• EXERCISE DESCRIPTION:
Pictures excluded, please retype exactly the lines from the start of the data through the line that contains "Repair Buckle Car", both ends kept, and nothing beyond them.

• MATERIAL PROVIDED:
○ ○ ○ ○ ○
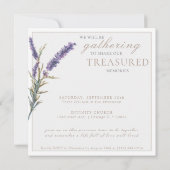 Elegante Aquarelllavender Celebration of Life Einladung (Rückseite)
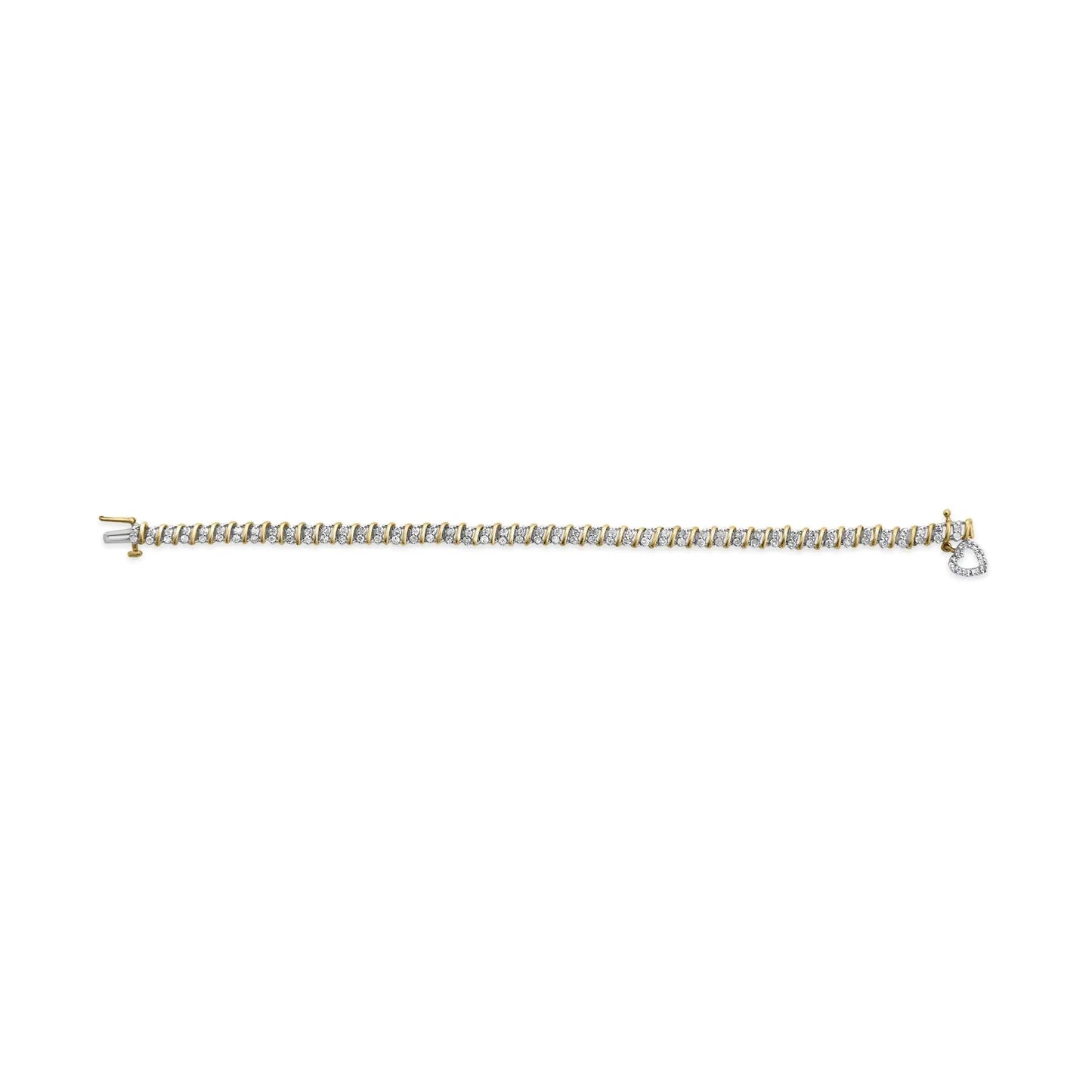 10K Yellow Gold 2.0 Cttw Diamond 2 Row Link and Heart Charm 7" Link Bracelet (I-J Color, I3 Clarity) WEM Support (www.WEM.support)
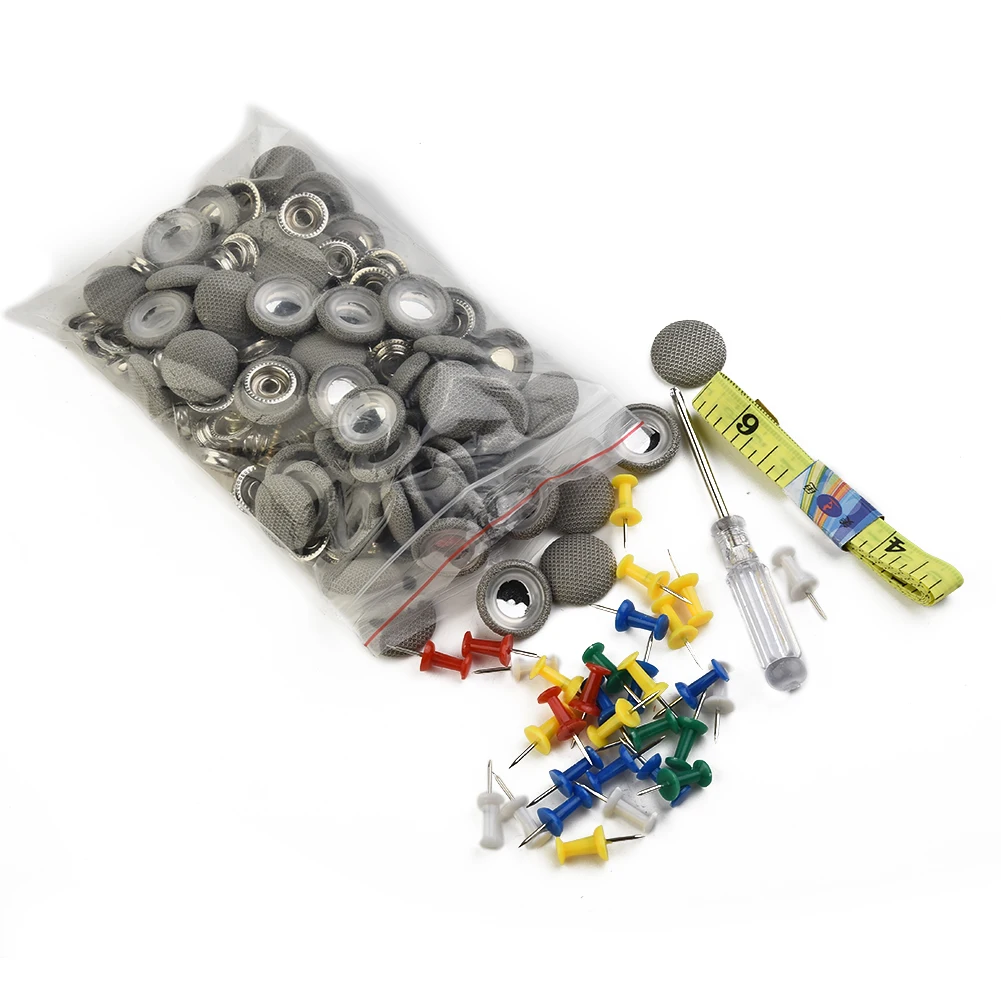 

Repair Buckle Car Roof Buckle 20mm 60PCS Accessories Cloth Decoration Gray Kits Mend The Car Metal Special Coating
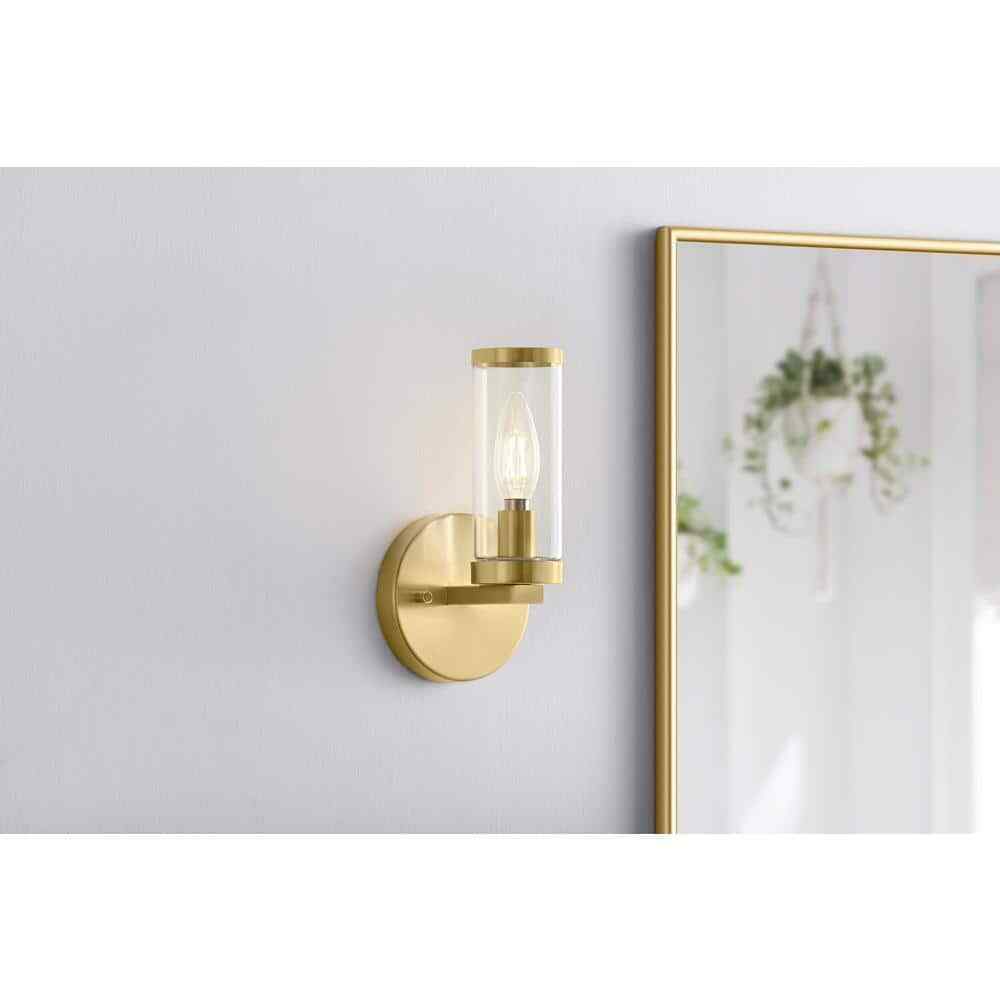 Hampton Bay Loveland 1-Light Brass Indoor Wall Sconce Light Fixture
○ ○ ○ ○ ○
• EXERCISE RESPONSE:
 Elegante Aquarelllavender Celebration of Life Einladung (Rückseite)
 10K Yellow Gold 2.0 Cttw Diamond 2 Row Link and Heart Charm 7" Link Bracelet (I-J Color, I3 Clarity) WEM Support (www.WEM.support)

Repair Buckle Car Roof Buckle 20mm 60PCS Accessories Cloth Decoration Gray Kits Mend The Car Metal Special Coating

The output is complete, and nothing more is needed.